**Prompt:** Only the pictures are to be dropped; the rest of the data below is to be duplicated exactly.

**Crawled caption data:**

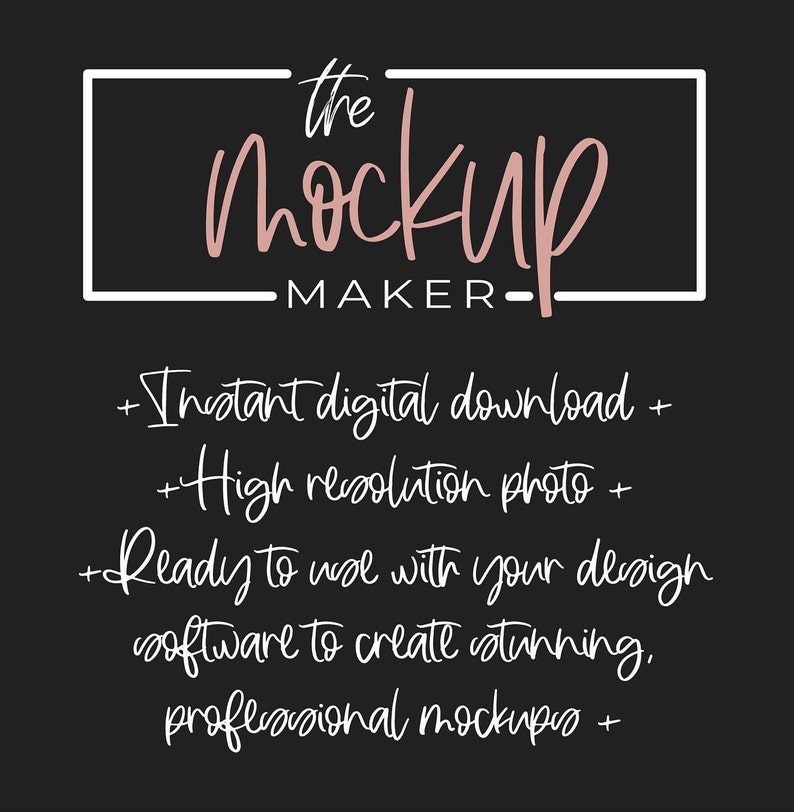 May include: A black and white graphic with the text "the mockup MAKER" in a white box with a pink handwritten "mockup" inside. The text below reads "Instant digital download + High resolution photo + Ready to use with your design software to create stunning, professional mockups +"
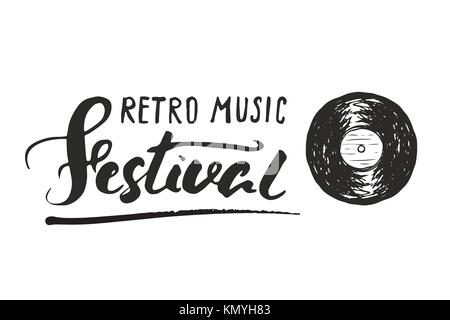 Schallplatte und Schriftzug retro Music Festival, vintage Label, poster Typografie design Hand gezeichnete Skizze, Grunge texturierte retro Abzeichen, ein T-Shirt drucken Stock Vektor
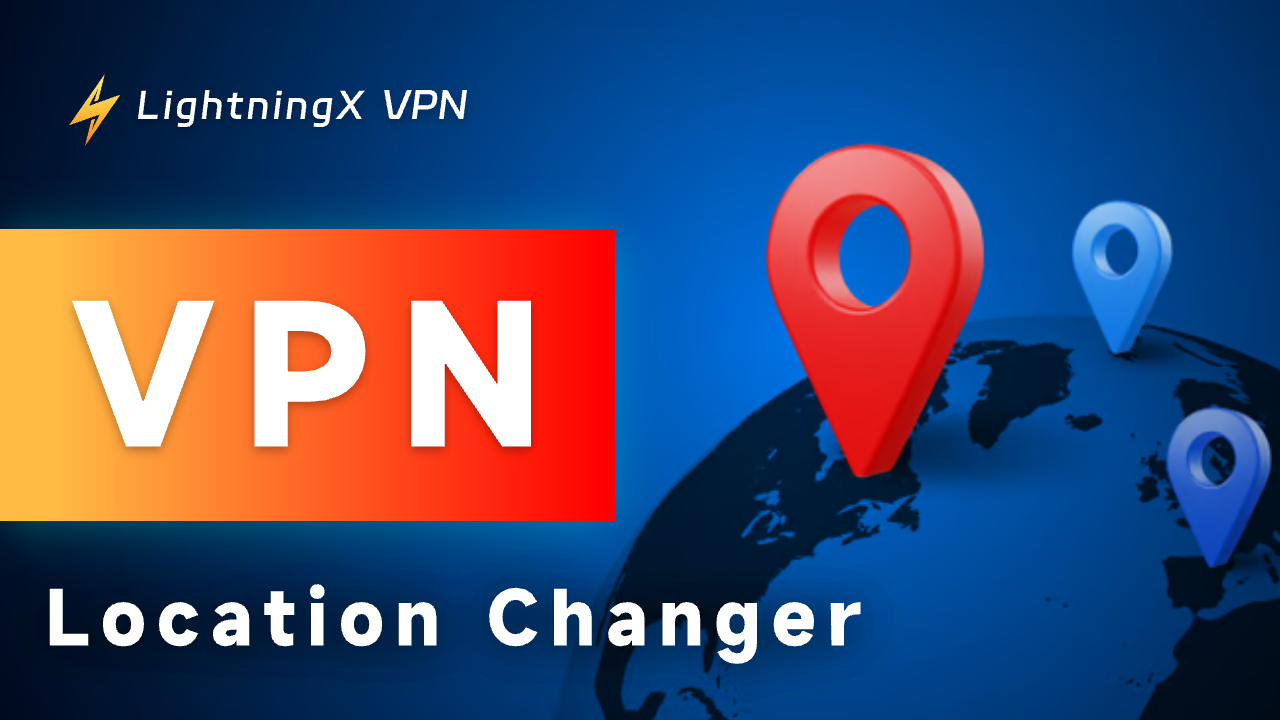 How to Change VPN Location – A Detailed Guide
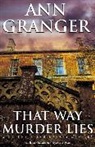Ann Granger - That Way Murder Lies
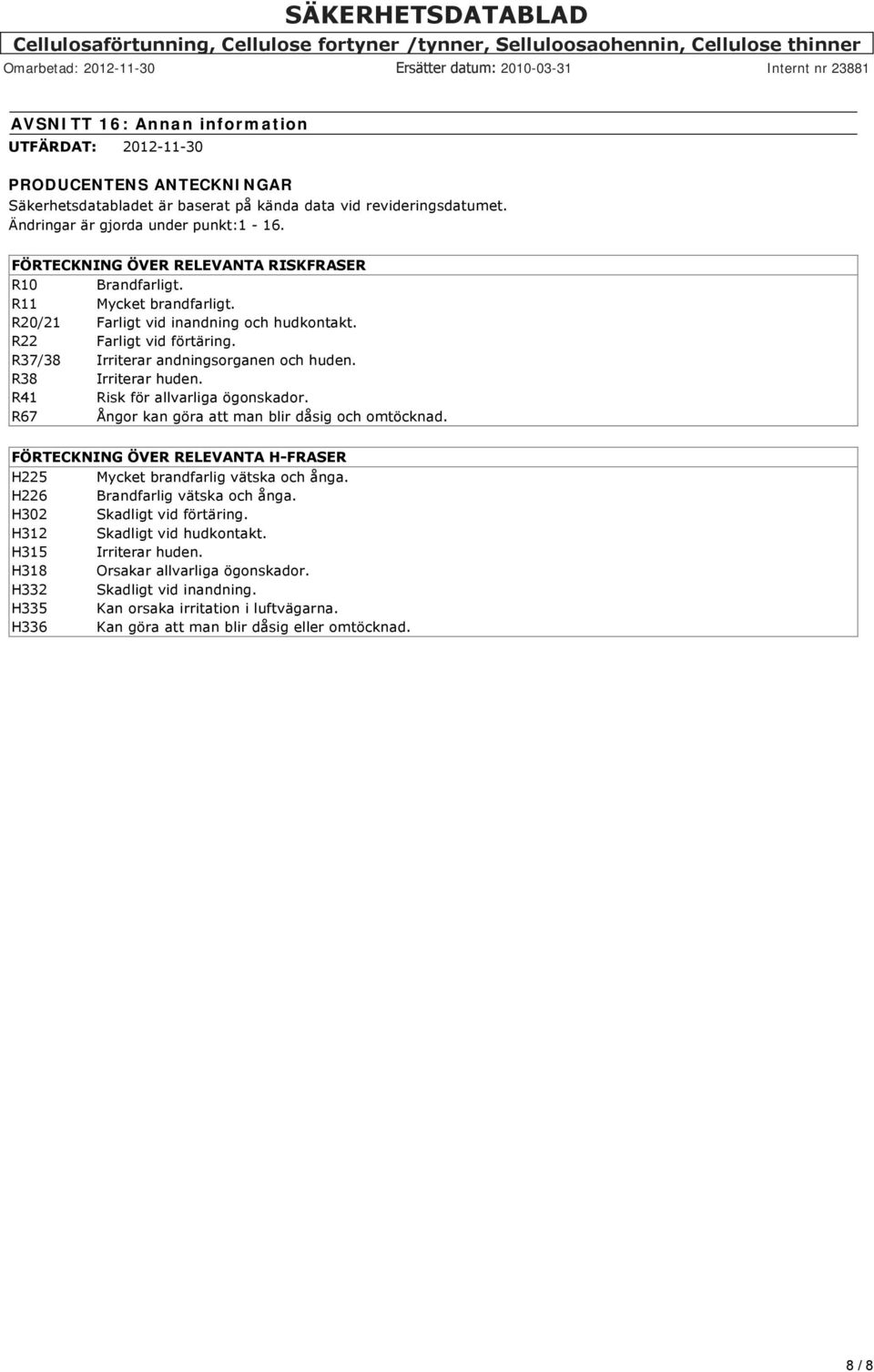 R38 Irriterar huden. R41 Risk för allvarliga ögonskador. R67 Ångor kan göra att man blir dåsig och omtöcknad. FÖRTECKNING ÖVER RELEVANTA H FRASER H225 Mycket brandfarlig vätska och ånga.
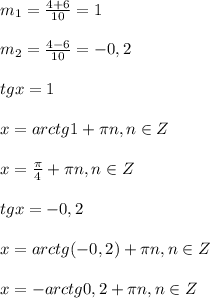 m_{1}=\frac{4+6}{10}=1\\\\m_{2}=\frac{4-6}{10}=- 0,2\\\\tgx=1\\\\x=arctg1+\pi n,n\in Z\\\\x=\frac{\pi }{4} +\pi n,n\in Z\\\\tgx=-0,2\\\\x=arctg(-0,2)+\pi n,n\in Z\\\\x=-arctg0,2+\pi n,n\in Z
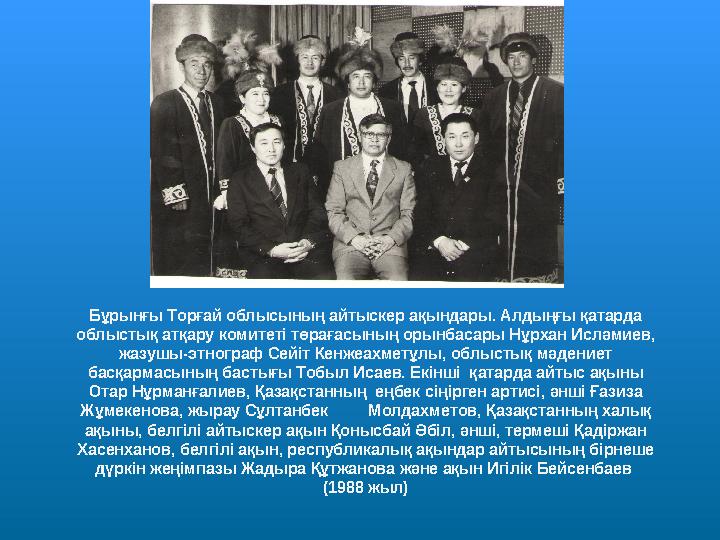 Бұрынғы Торғай облысының айтыскер ақындары. Алдыңғы қатарда облыстық атқару комитеті төрағасының орынбасары Нұрхан Исләмиев, ж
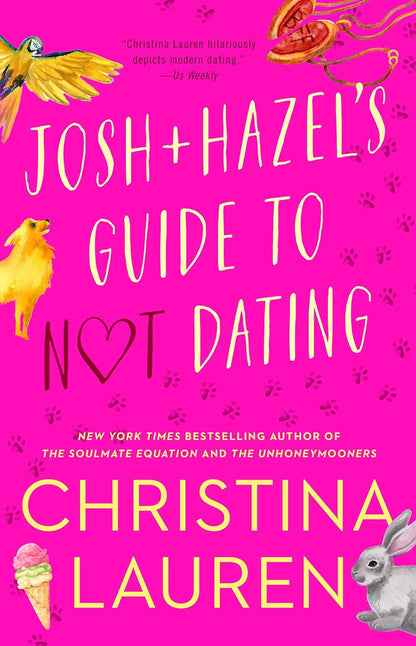 Book cover of 'Josh + Hazel's Guide to Not Dating' by Christina Lauren with colorful animals on a pink background.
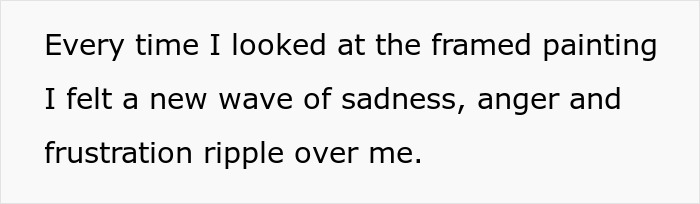 BF’s Family Treats Unused Items As Free-For-Alls, Woman Finally Snaps When Painting Gets Cut Up BF’s Family Treats Unused Items As Free-For-Alls, Woman Finally Snaps When Painting Gets Cut Up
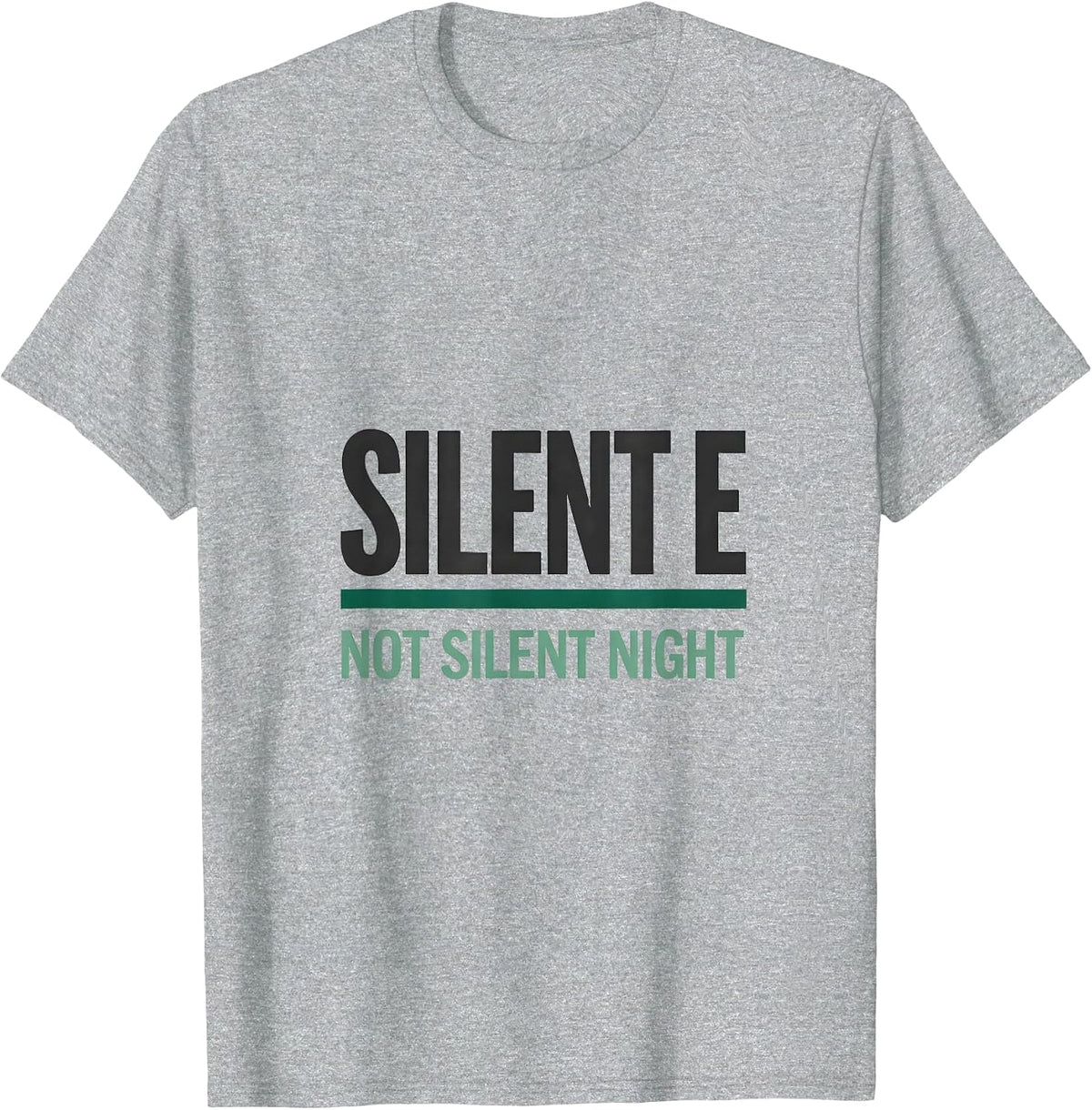 Men's Silent E, Not Silent Night Funny Teacher Grammar Gift T-Shirt - Heather Grey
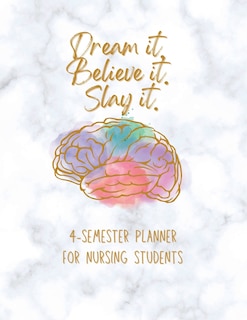 Dream it! Believe it! Slay it! Student Nurse Planner: 4-semester monthly and weekly planner for RN, LVN/LPN students with fill-in yourself year and months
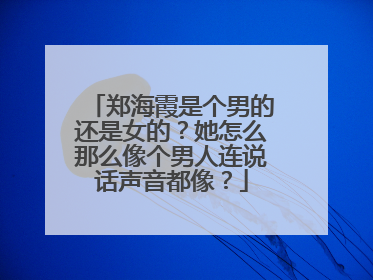 郑海霞是个男的还是女的？她怎么那么像个男人连说话声音都像？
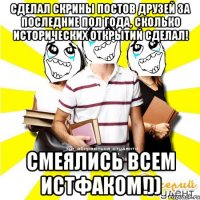 Сделал скрины постов друзей за последние пол года, сколько исторических открытий сделал! СМЕЯЛИСЬ ВСЕМ ИСТФАКОМ!))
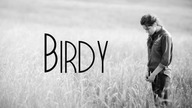 Birdy - All You Never Say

**Written response:**
 May include: A black and white graphic with the text "the mockup MAKER" in a white box with a pink handwritten "mockup" inside. The text below reads "Instant digital download + High resolution photo + Ready to use with your design software to create stunning, professional mockups +"
 Schallplatte und Schriftzug retro Music Festival, vintage Label, poster Typografie design Hand gezeichnete Skizze, Grunge texturierte retro Abzeichen, ein T-Shirt drucken Stock Vektor
 How to Change VPN Location – A Detailed Guide
Ann Granger - That Way Murder Lies
 R38 Irriterar huden. R41 Risk för allvarliga ögonskador. R67 Ångor kan göra att man blir dåsig och omtöcknad. FÖRTECKNING ÖVER RELEVANTA H FRASER H225 Mycket brandfarlig vätska och ånga.
 m_{1}=\frac{4+6}{10}=1\\\\m_{2}=\frac{4-6}{10}=- 0,2\\\\tgx=1\\\\x=arctg1+\pi n,n\in Z\\\\x=\frac{\pi }{4} +\pi n,n\in Z\\\\tgx=-0,2\\\\x=arctg(-0,2)+\pi n,n\in Z\\\\x=-arctg0,2+\pi n,n\in Z
 Бұрынғы Торғай облысының айтыскер ақындары. Алдыңғы қатарда облыстық атқару комитеті төрағасының орынбасары Нұрхан Исләмиев, ж
 Book cover of 'Josh + Hazel's Guide to Not Dating' by Christina Lauren with colorful animals on a pink background.
 BF’s Family Treats Unused Items As Free-For-Alls, Woman Finally Snaps When Painting Gets Cut Up BF’s Family Treats Unused Items As Free-For-Alls, Woman Finally Snaps When Painting Gets Cut Up
 Men's Silent E, Not Silent Night Funny Teacher Grammar Gift T-Shirt - Heather Grey
 Dream it! Believe it! Slay it! Student Nurse Planner: 4-semester monthly and weekly planner for RN, LVN/LPN students with fill-in yourself year and months
 郑海霞是个男的还是女的？她怎么那么像个男人连说话声音都像？
 Сделал скрины постов друзей за последние пол года, сколько исторических открытий сделал! СМЕЯЛИСЬ ВСЕМ ИСТФАКОМ!))
 Birdy - All You Never Say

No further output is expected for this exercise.